When Elle Waters kicked off the Accessibility Summit conference with her Accessibility for UX talk, she captured everyone’s attention with her stories of challenging user experiences, explanation of why UX professionals don’t include accessibility in their work, and her UX professional’s accessibility coloring book.
Here are a few key takeaways from her presentation, along with some social media discussion:
Three Reasons Why UX Professionals Don’t Incorporate Accessibility in Their Work
- Accessibility is intimidating.
There are 203 general techniques for testing Web Content Accessibility Guidelines (WCAG), 94 HTML and XHTML techniques, 3 server-side scripting techniques, 3 plain text techniques, 19 Accessible Rich Internet Applications (ARIA) techniques, 35 Flash techniques, 23 PDF techniques, and many more.

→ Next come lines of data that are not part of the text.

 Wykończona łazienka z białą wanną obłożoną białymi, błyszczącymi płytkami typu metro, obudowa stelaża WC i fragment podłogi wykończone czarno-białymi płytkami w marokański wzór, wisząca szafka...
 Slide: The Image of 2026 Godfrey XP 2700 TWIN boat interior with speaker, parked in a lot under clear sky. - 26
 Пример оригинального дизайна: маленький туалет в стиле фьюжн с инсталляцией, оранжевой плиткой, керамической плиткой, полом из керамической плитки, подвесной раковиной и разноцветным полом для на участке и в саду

And a multitude of devices.
Accessibility seems like a mountain of info you need to master. - Accessibility is hard.
Waters described her challenges with trying to add her sister to her Amazon Prime account. Some account management options were only available on mobile, others only on the web.
As a power user, Waters took five to seven minutes to get through the process.

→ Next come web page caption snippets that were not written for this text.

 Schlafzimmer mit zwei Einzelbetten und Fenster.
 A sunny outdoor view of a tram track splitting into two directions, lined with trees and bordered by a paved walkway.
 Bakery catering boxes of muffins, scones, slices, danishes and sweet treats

Imagine adding disabilities to the process, someone with cognitive disabilities, and the usability issue becomes an accessibility issue.
Accessibility is hard, because good design is hard. - Accessibility is not my job.
If accessibility isn’t your job, whose job is it?I don’t have a direct need to learn more about accessibility.
According to Waters, the difference between usability and accessibility is semantics and a matter of degrees.
A UX Professional’s Accessibility Coloring Book
- Obvious wins.
The hamburger icon looks more like a stack of pancakes than a navigational structure.
What really works: the word “Menu.” With your design patterns, obvious wins. - Make it simple. Make it easy.
Simplicity is the secret sauce to make sure your organization creates more usable content, and brings in more engagement from customers. - Make it consistent. Make it predictable.
A design pattern library is critical for accessibility success. Standardize on how you do things. Iterate and continuously improve your patterns.
If it’s standardized, it locks everything for accessibility. For example, developers don’t have to guess how to create an accessible model dialog. They’ll look to the design pattern library. - Change your perspective. Assume nothing.
People are drawn to design because they probe, ask questions.
Designers need to design for people who have completely different mental models than their own. - Go see. Gemba.
See how users are using your product or service. No amount of testing will show you more than seeing how users use your product.
Accessibility makes good designers great, and bad designers…obvious.